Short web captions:

┄┄┄┄┄┄┄┄┄┄┄┄┄┄┄┄┄┄┄┄

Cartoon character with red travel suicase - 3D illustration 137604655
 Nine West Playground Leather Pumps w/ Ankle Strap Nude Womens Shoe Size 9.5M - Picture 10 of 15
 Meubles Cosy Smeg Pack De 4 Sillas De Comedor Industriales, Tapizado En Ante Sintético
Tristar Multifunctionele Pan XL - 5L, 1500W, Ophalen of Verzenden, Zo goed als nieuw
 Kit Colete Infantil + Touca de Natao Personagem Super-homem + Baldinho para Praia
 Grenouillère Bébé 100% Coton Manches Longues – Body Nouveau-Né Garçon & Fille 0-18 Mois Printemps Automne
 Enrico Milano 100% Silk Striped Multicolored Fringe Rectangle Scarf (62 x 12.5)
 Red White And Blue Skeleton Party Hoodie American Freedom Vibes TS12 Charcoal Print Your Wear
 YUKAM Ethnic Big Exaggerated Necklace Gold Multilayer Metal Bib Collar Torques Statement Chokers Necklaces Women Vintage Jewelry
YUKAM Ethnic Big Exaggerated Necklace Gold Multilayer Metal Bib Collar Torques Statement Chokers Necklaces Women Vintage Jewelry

┄┄┄┄┄┄┄┄┄┄┄┄┄┄┄┄┄┄┄┄

— Activity —
Up to and including the line with "Kit Colete Infantil", write out the records above exactly, starting from their first line.

— Written response —
Cartoon character with red travel suicase - 3D illustration 137604655
 Nine West Playground Leather Pumps w/ Ankle Strap Nude Womens Shoe Size 9.5M - Picture 10 of 15
 Meubles Cosy Smeg Pack De 4 Sillas De Comedor Industriales, Tapizado En Ante Sintético
Tristar Multifunctionele Pan XL - 5L, 1500W, Ophalen of Verzenden, Zo goed als nieuw
 Kit Colete Infantil + Touca de Natao Personagem Super-homem + Baldinho para Praia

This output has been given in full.